Otro error lamentable del Estado es pretender hacer política social a costa de los propietarios de viviendas. El efecto que produce la limitación de alquileres es que los particulares retiren viviendas del mercado, dejándolas vacías o directamente vendiéndolas y poniendo el dinero en otros activos, incluso en otros países donde no haya tales limitaciones. En cuanto a los grandes fondos de Inversión, si les limitan sus rentas, no harán viviendas para alquilar en España, y se llevarán su dinero a donde les rente más. La consecuencia, en todos los supuestos, es menos viviendas para alquilar. La solución mágica del Gobierno es subvencionar a los inquilinos, otra estupidez donde las haya.
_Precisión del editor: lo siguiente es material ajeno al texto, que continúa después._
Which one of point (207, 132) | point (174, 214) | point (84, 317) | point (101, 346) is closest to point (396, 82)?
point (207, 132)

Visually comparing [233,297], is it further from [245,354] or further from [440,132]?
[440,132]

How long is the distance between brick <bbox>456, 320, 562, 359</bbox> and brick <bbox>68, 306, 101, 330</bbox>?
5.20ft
Se ha demostrado repetidamente que este tipo de subvención favorece directamente a los propietarios, que subirán el alquiler en concordancia a su cuantía.
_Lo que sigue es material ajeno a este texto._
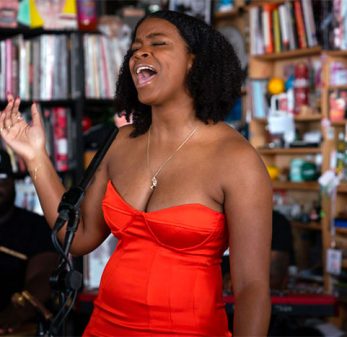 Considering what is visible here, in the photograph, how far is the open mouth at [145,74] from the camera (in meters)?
1.70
Parece que la solución más simple fuera del todo imposible. Y es que los ayuntamientos españoles, que cuentan con una inmensa cantidad de suelo, cedan una parte para la promoción de viviendas de renta limitada. Pero aquí nos enfrentamos al hecho de que los Ayuntamientos son los mayores especuladores de suelo en nuestro país, y tienen apalancados un gran número de solares esperando que el inevitable estrangulamiento urbanístico les proporcione pingües beneficios. Ante esa realidad insoslayable, suena a mofa el final del artículo constitucional sobre la vivienda, que habla de «regular la utilización del suelo de acuerdo con el interés general para impedir la especulación». Ya hemos visto en estos años la voracidad fiscal de los Ayuntamientos, que se saltan a la torera los derechos constitucionales de los ciudadanos cobrándoles el impuesto de plusvalía en ausencia manifiesta de cualesquiera plusvalías. A las sentencias del Tribunal Constitucional me remito.

A veces hay que aprender del pasado y ver lo bien que funcionaron los planes de Viviendas de Protección Oficial, un ejemplo de cómo la iniciativa del Estado cooperando con la empresa privada puede fomentar varias generaciones de propietarios con la correspondiente estabilidad familiar y social que proporciona. Con incentivos como un precio de módulo razonable, unidos con la facilidad de generación de suelo urbano planificado, se podría volver a dinamizar el mercado de la vivienda y, de paso, el sector de la construcción, sin perjudicar el derecho de propiedad y beneficiando de paso a los colectivos menos favorecidos.

 Se ha demostrado, por activa y por pasiva, que la mejor forma de ayudar a un ciudadano en precario es poniendo dinero en su bolsillo para que él determine sus prioridades. Intervenir directamente en el mercado solo facilita la economía sumergida e incentiva la pillería de la que no andamos precisamente escasos en este país.